Investigation of structural and electronic properties of doped ceria Ce1-xMxO2 (M=Hf,Ti,Ba,Mg,Nb,Vx=0.25%) for ReRAM applications: A first principles study

Abstract Since last few decades, in-spite of much progress in oxide-based resistive random access memory (ReRAM) devices, there are many challenges to the era of science and technology, particularly information and rupture of the conducting filament and device uniformity related concerns. The first principles calculations based on density functional theory (DFT) were made to investigate structural and electronic properties of doped ceria (CeO2), i.e., Ce1-xMxO2 (M = Hf, Ti, Ba, Mg, V, Nb x = 0.25%) with and without oxygen vacancy (Vo) for ReRAM devices wherein six dopants having different electronic configuration and radii are used. Effect of isovalent, low-valent (p-type) and high-valent (n-type) dopants was observed using the Perdew, Burke and Ernzerhof and generalized gradient approximation (PBE-GGA) approach. The present study also elaborates the role of oxygen vacancy in formation and rupture of conducting filaments (Cfs). The tendency towards reduction of oxygen vacancy formation energies to improve device performance has been observed for all dopants and found consistent with available data.

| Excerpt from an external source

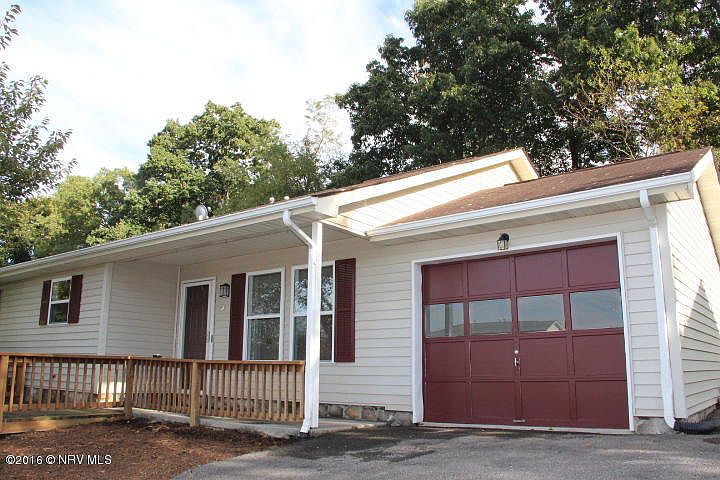 1st image of 650 Kamran Dr NW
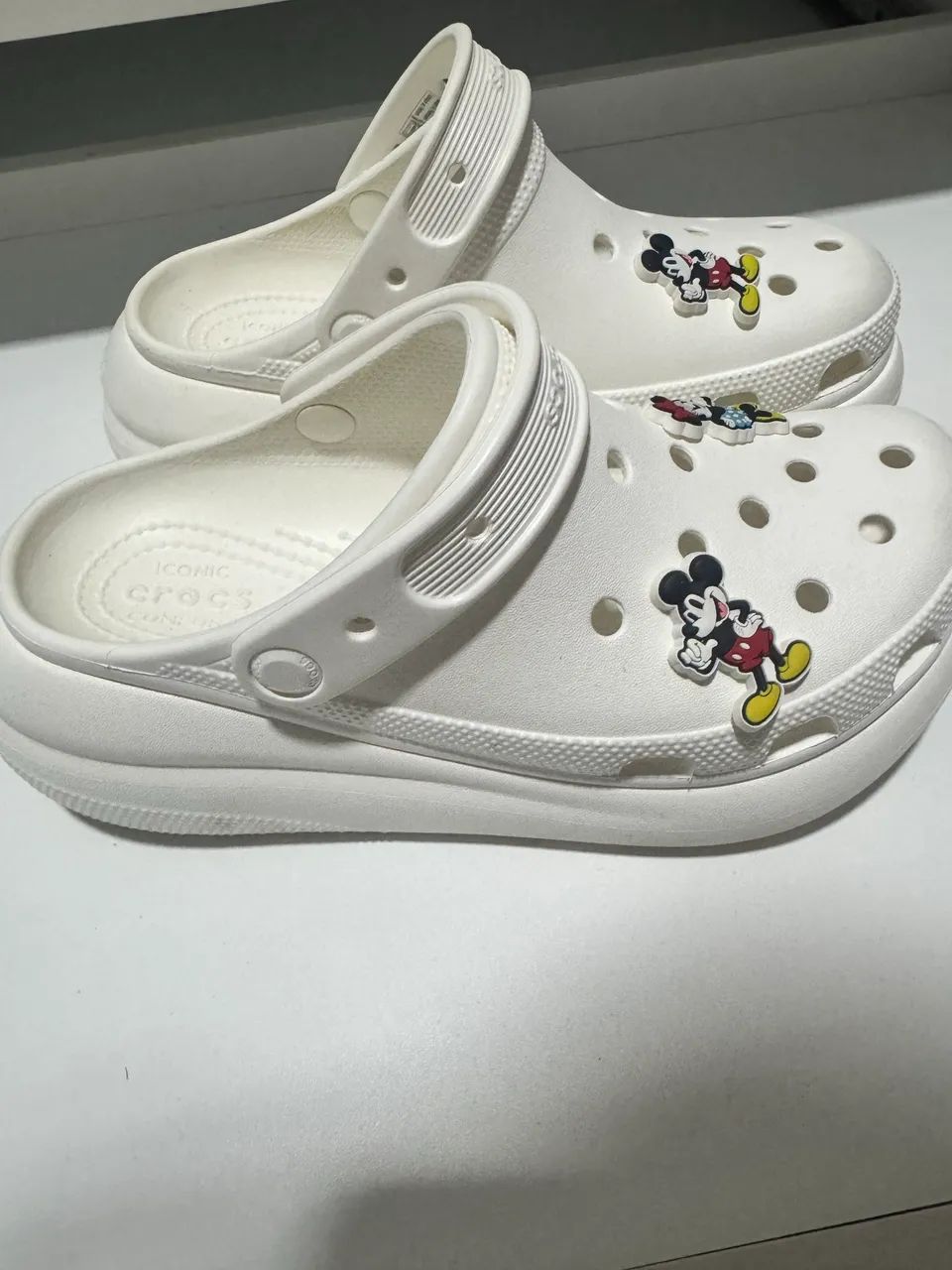 Sandália Crocs - Foto 3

We explored that the dopants impact oxygen vacancy formation energies locally and increase the clustering of Vo near dopants as a results conductivity has been increased. Structural investigation unveiled that in all cases, volume of the crystal lattice increases with dispense of the band gap energies which lead to enhance conductivity. TDOS and PDOS results show that energy states are shifted towards lower energy region due to dopant and/or oxygen vacancy. The oxygen vacancy in the lattice causes the formation of defect assisted conducting channels in the resistive switching devices.